Me levanto del piso rojo de terciopelo y sacudo mi traje negro. Enciendo una pipa y suelto el humo amargo y picante en la cara de mi próximo cliente, que solo se limita a toser, sin notar mi presencia. Sin darse cuenta de que estoy cerca de él, esperando… emocionado por tomar su alma, estrujarla tan fuerte, tan dolorosamente perfecto, hasta hacer que desaparezca. 

—Nos veremos pronto —susurro con una sonrisa en su oído.

Se ha estremecido y un poco de sudor frío recorre la curvatura de su cuello. Sabe que estoy cerca, sabe que me verá pronto y que si continúa con esto, este será su último día. Sin embargo, está decidido. 

"Muy bien, seré puntual al venir por él". 

​​​​​Vuelvo a soltar el aire y camino con el poderío del que gozo y he gozado toda mi vida, y salgo de aquel lugar.

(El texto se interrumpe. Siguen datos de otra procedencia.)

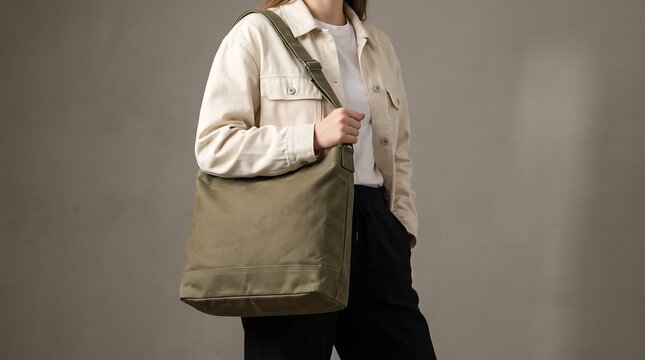 Woman wearing a functional olive green canvas tote bag with shoulder bag shoulder accessory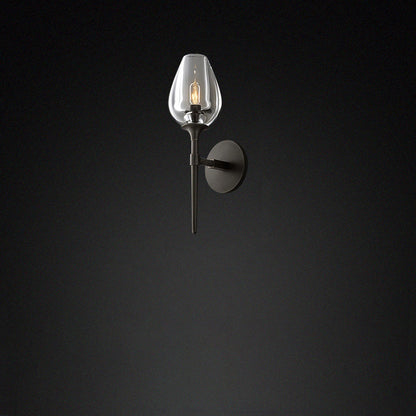 Contemporary Nordic Round Cylinder Cup Shape Copper Frame Crystal Shade 1/2 Light Wall Sconce Lamp For Bedroom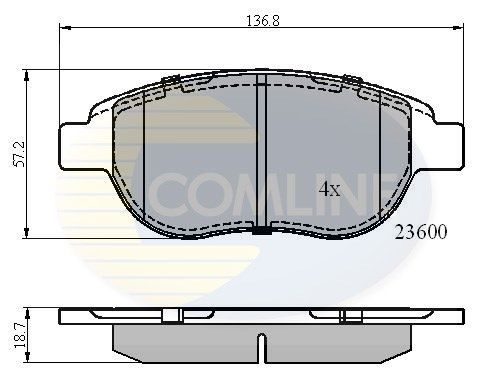 COMLINE stabdžių trinkelių rinkinys, diskinis stabdys CBP01038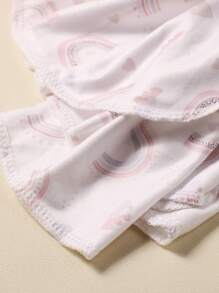 SHEIN Newborn Girl Photography Props Rainbow Print Swaddle Blanket With Matching Turban Hat Baby Girl PhotoShoot Wrap - Multicolor - View 8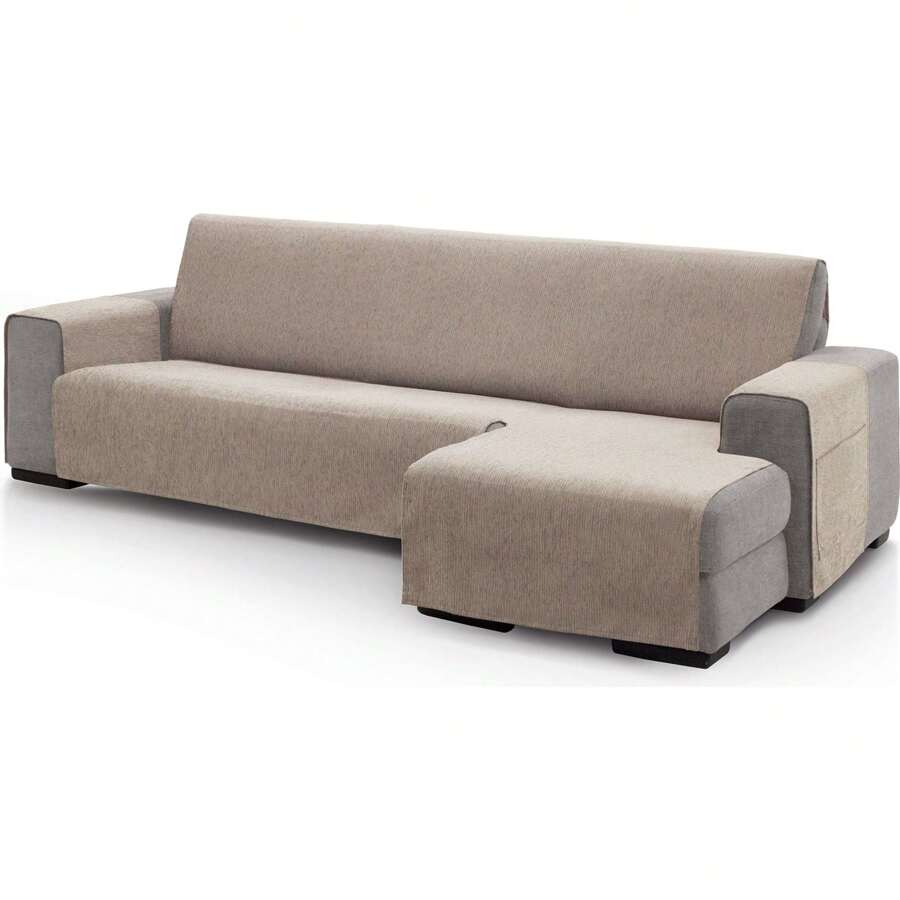Ecommerc3 | Housse de canapé méridienne avec bras droit et  240 cm - Housse de canapé méridienne avec poches 100 % fabriquée en Espagne - Beige - Voir 1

“Castillo” le llaman. Para mí solo es un trozo de concreto vacío, con trapos de fina tela, desperdiciada, colgando de sus pilares huecos y perfilados. Aquello a lo que llaman oro, la cosa que llaman plata, la riqueza que los mortales han buscado desesperadamente durante siglos… ¡Ja! Justo esas cosas que nunca obtendrán. Todo eso es su condena y ellos no lo saben. Esas almas ambiciosas que poco a poco caen en una trampa desconsolada y aún así no buscan ningún arrepentimiento, esas son las que más anhelo.

Sé distinguir a esas personas y por ello, mi trabajo nunca acaba. Viajar se me ha dado bien a lo largo del último siglo. He ido desde las profundidades menos habitadas de la tierra, a lo más conocido por el ojo del hombro… o lo más mencionado en la historia de la vida.

Mientras cruzo la plaza de la ciudad con mi pipa a medio acabar, me quedo observando a la gente que pasa por mi lado, sin darse cuenta de mi existencia. Todas esas personas no saben lo que quieren de la vida mientras la tienen, pero cuándo ya no la tienen, saben pedirle con convicción a la muerte lo que quieren de ella: la vida, y es lo único que no se les puede proporcionar.

En menos de dos minutos pasan por la plaza tres infantes, jugando a ser caballeros, desenvainando sus espadas improvisadas, hechas de madera, y me sonrío al ver cómo desde pequeños están destinados a acompañarme. Uno de ellos cae al suelo por el golpe en el rostro que le propicia el otro, y se echa a llorar.

Son tan banales, débiles y maleables. Son una masa de decepción y ni siquiera se dan cuenta. Todos los humanos han sido criados por sus padres, para terminar en un mismo sitio.

El inframundo que yo he creado… o para el que he sido creado.

El chico llora desconsoladamente, pero a mí no me provoca ni un poco de pena o empatía. No he conocido a un solo ser humano que valga la pena la diferencia. Ellos no tienen el don de la excepción y ninguno lo merece.

Mi risa se extiende por toda la plaza al verlo llorar. Su compañero de juegos se angustia y también llora. 

Las lágrimas son algo que jamás he experimentado y no me da la más mínima curiosidad.

Sigo soltando carcajadas a más no poder, cuándo de repente, veo a dos mujeres del pueblo acercarse a ambos chicos. Una es pequeña y tiene su cabello cubierto por una manta blanca. Es de cuerpo voluptuoso y complexión gruesa; la otra es más delgada, alta y complexión delicada. Su piel es blanca y sus ojos… no puedo verlos, está de espaldas. Los ayudan a ponerse de pie y una de ellas, la más joven, sacude sus ropas y les dice algo al oído que los hace reír.

¡Bah! Esa loca acabó con la diversión de la ironía.

Los dos críos se alejan por la orilla de la calle, riéndose y jugando de nuevo, acompañados de la mujer más anciana. Y entonces, algo pasa.

La joven de ojos misteriosos se da la vuelta, con sus brazos tensos y sus puños apretados, y busca algo entre la gente, con la mirada.